There are two important caveats to the generalizability of the findings included in this supplement. None of these studies were randomized to standard of care or to a reasonable comparator. Also, much of these data were analyzed retrospectively. However, despite these limitations, clinical and economic outcomes were markedly similar between these studies and fill important gaps in clinical practice. Real-world analyses from large healthcare systems, such as that from Morrisette et al. [25], will provide further insight into the use of long-acting lipoglycopeptides and the clinical judgment of treating physicians. Given the current paucity of treatment options that satisfy the needs of patients, prescribers, and healthcare systems while providing comparable efficacy and safety to traditional antibiotic therapies, these studies are even more valuable.

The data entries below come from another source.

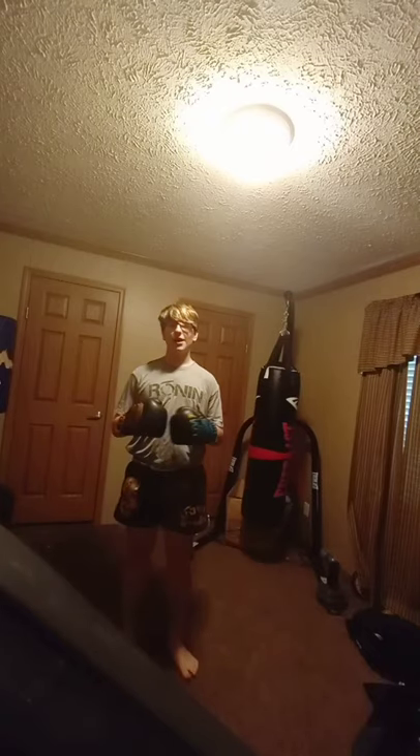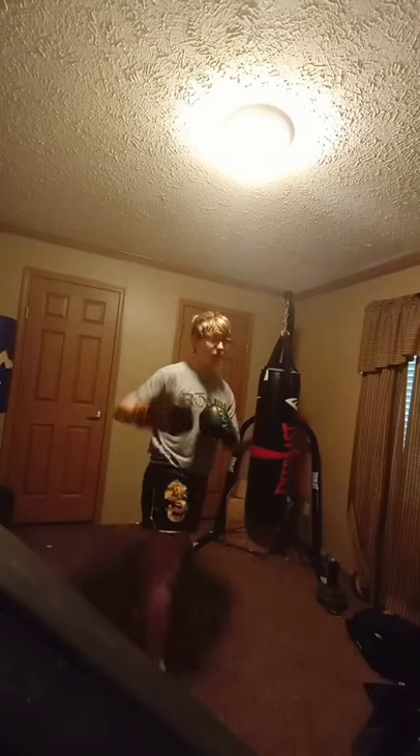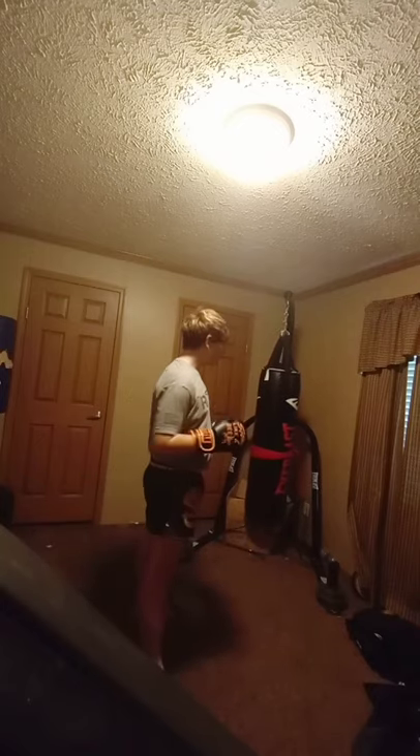So here's what it looks like. Make sure to practice, practice, practice, and make sure that you do this little hook move to get your spin a little bit faster.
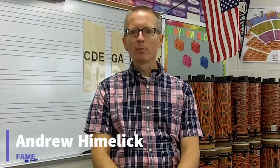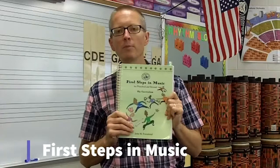Hello, I'm Andrew Heimlich with the Fire Album Association for Music Education, and this is an eight-part video series regarding first steps in music, specifically Preschool and Beyond. It's an eight-part workout that helps students become tuneful, beatful, and artful.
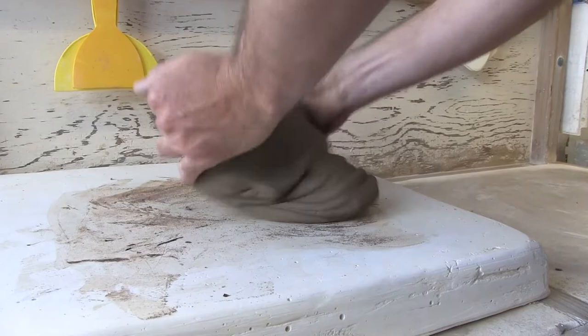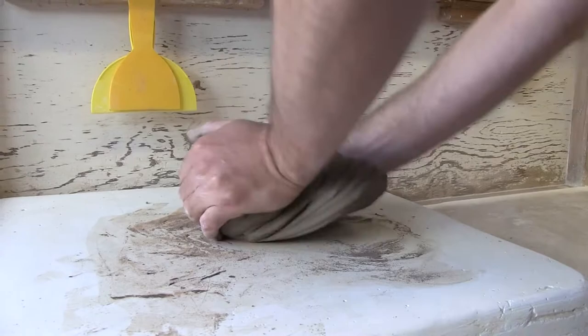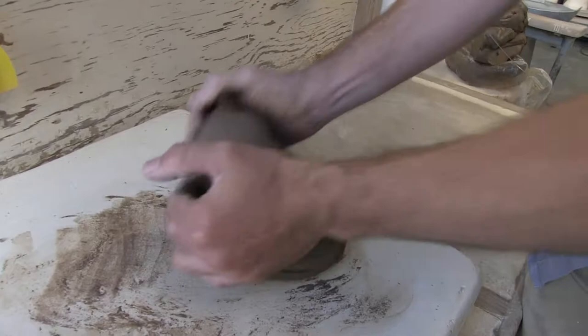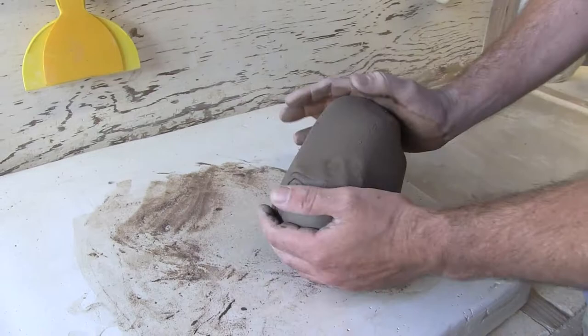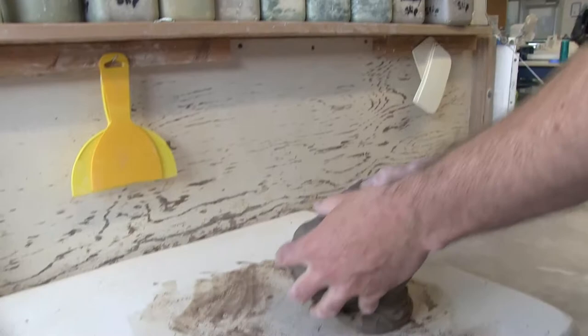I like to do it right before I throw. The more you wedge it, the nicer it is to throw. There's no magic number of times you need to do this, but generally speaking I would say at least 25 times — though it depends on your clay. You can see the marbleization disappearing, and there's another air bubble — still working air bubbles out. But now it's no longer marbleized; it looks like one consistent color of clay. That's the ram's head technique.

Patients, providers, payers, and regulators are becoming increasingly aligned in seeking data that clearly address unmet needs and demand evidence to better allow them to evaluate risks and benefits in the clinical setting. RWE has emerged as an important means to understanding the utility of medical interventions in a broader, more representative patient population. Therefore, RWE can give vital insight into treatment effects in more diverse clinical settings and where many patients have multiple comorbidities. RWE can generate hypotheses requiring further investigation in RCTs and also provide answers to some research questions that may be impractical to address through RCTs. Real-world studies can better address novel uses and new interventions by sequentially adapting their design to test evolving questions in the treatment of bacterial infections [5, 26].